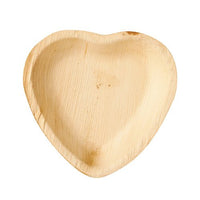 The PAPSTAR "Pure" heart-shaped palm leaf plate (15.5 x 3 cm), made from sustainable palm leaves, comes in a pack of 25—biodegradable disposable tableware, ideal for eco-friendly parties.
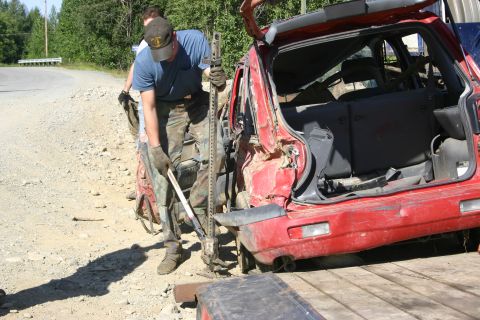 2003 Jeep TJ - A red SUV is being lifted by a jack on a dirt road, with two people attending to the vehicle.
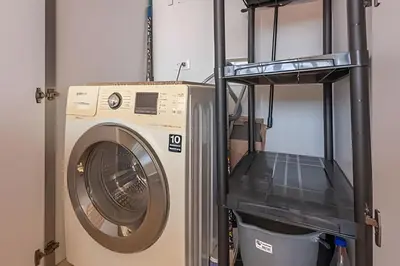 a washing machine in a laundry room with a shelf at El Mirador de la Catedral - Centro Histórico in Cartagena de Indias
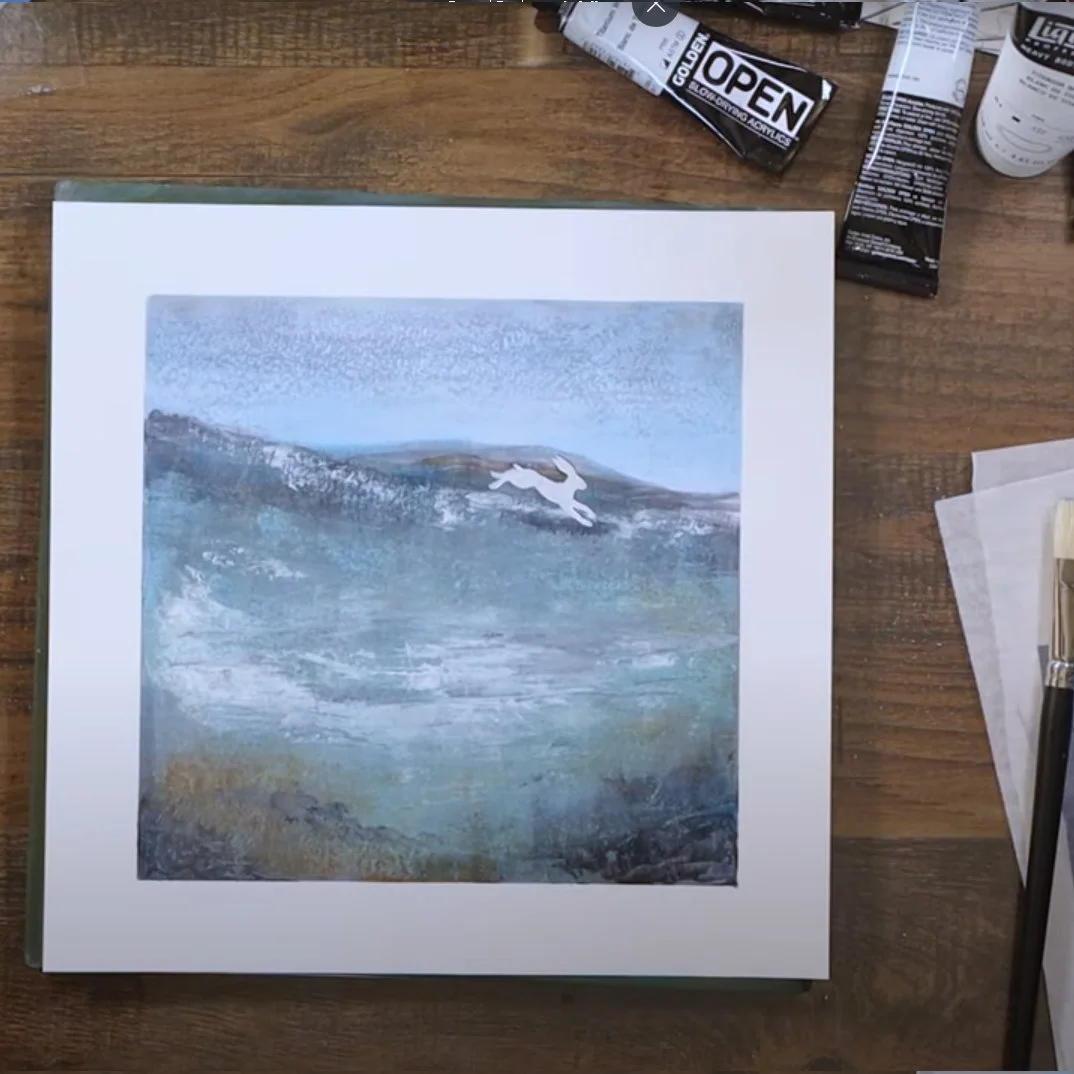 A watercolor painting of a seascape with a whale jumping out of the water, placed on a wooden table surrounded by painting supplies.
+---+
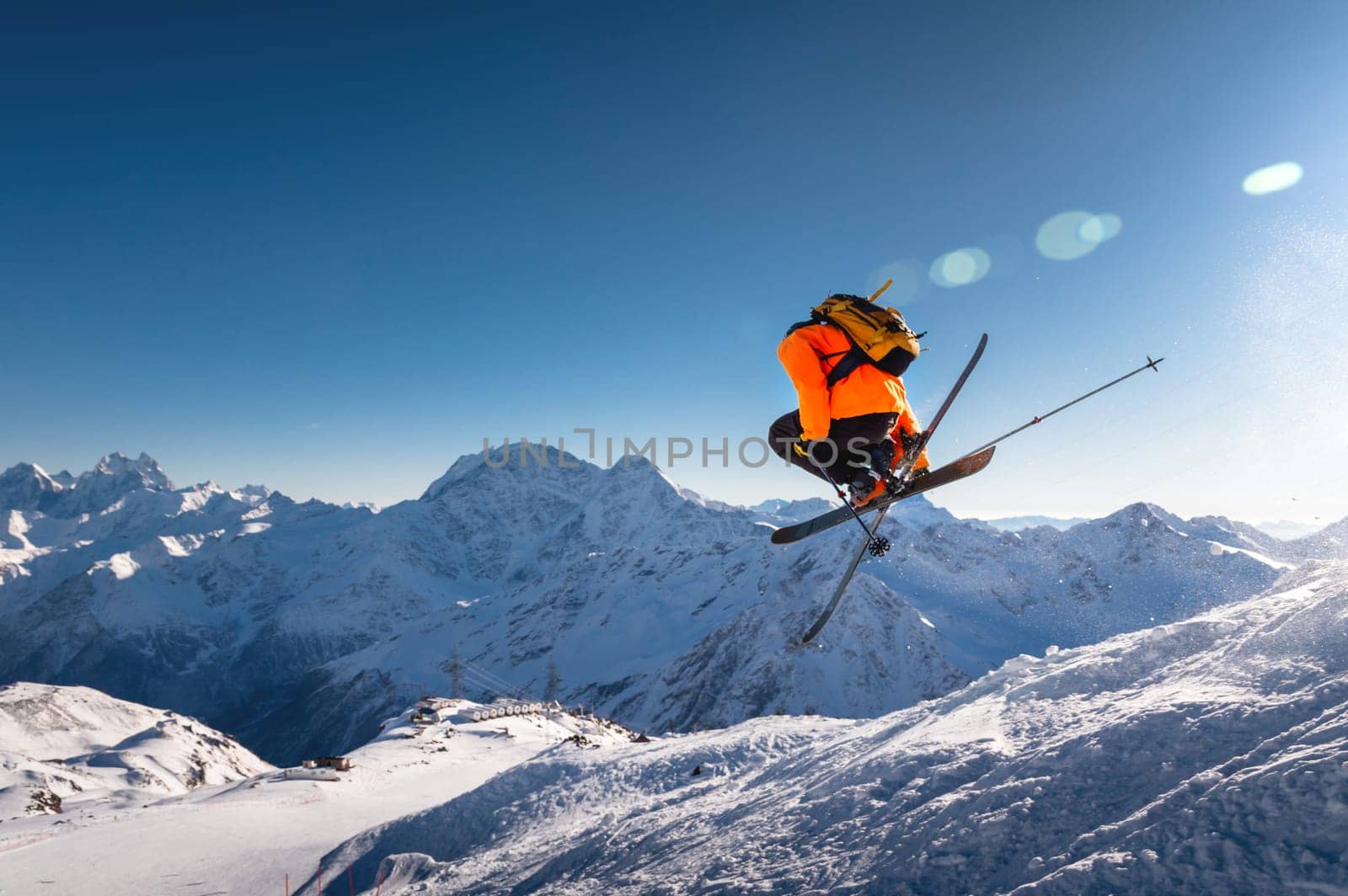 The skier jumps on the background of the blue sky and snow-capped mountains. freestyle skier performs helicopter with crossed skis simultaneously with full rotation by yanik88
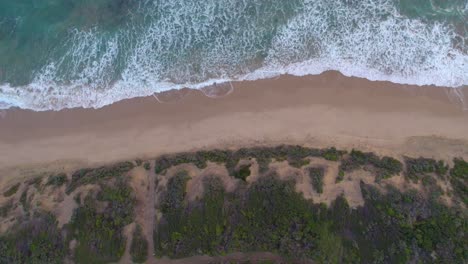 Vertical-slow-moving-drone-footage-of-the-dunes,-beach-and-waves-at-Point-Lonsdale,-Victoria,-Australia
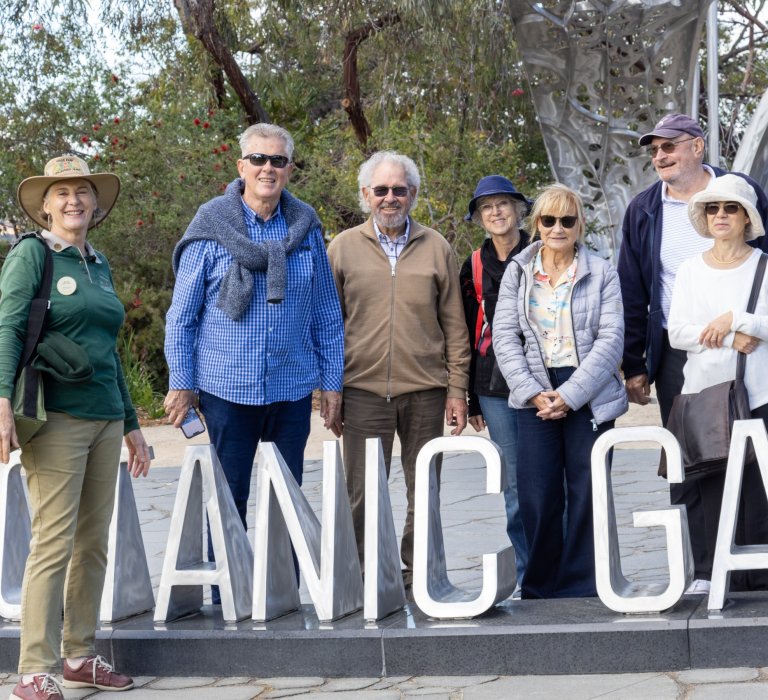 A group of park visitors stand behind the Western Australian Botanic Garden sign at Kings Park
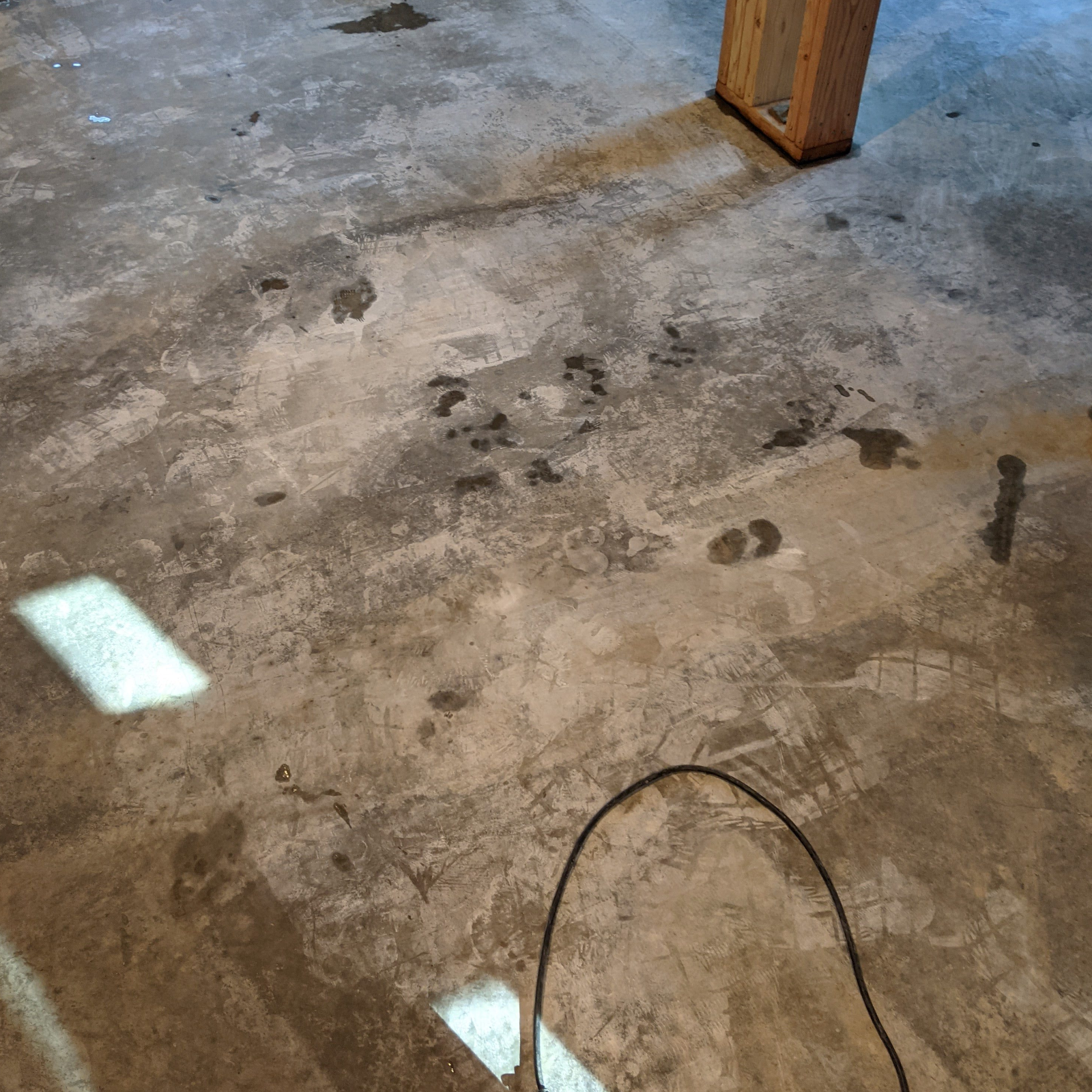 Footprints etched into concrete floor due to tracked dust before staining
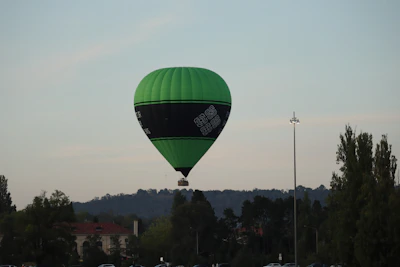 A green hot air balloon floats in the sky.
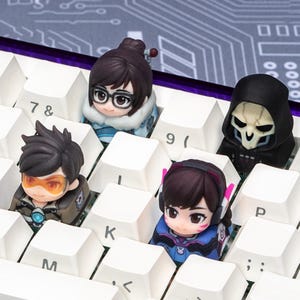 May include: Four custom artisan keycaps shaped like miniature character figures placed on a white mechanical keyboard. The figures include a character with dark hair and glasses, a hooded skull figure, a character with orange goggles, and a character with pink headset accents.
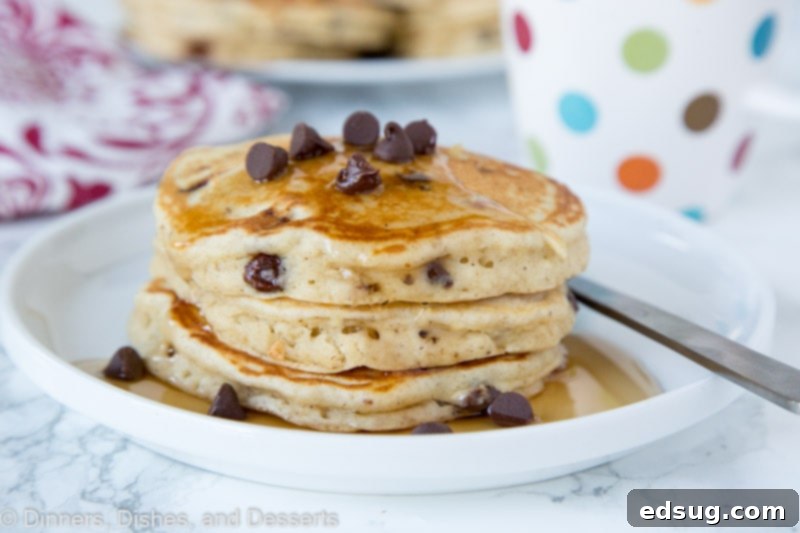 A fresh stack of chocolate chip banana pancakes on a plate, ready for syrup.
+---+
**ASSIGNMENT**
Leave out the images and write out the lines above exactly, from the one with "Footprints etched into" up to and including the one with "A fresh stack".

**TASK OUTPUT**
 Footprints etched into concrete floor due to tracked dust before staining
 A green hot air balloon floats in the sky.
 May include: Four custom artisan keycaps shaped like miniature character figures placed on a white mechanical keyboard. The figures include a character with dark hair and glasses, a hooded skull figure, a character with orange goggles, and a character with pink headset accents.
 A fresh stack of chocolate chip banana pancakes on a plate, ready for syrup.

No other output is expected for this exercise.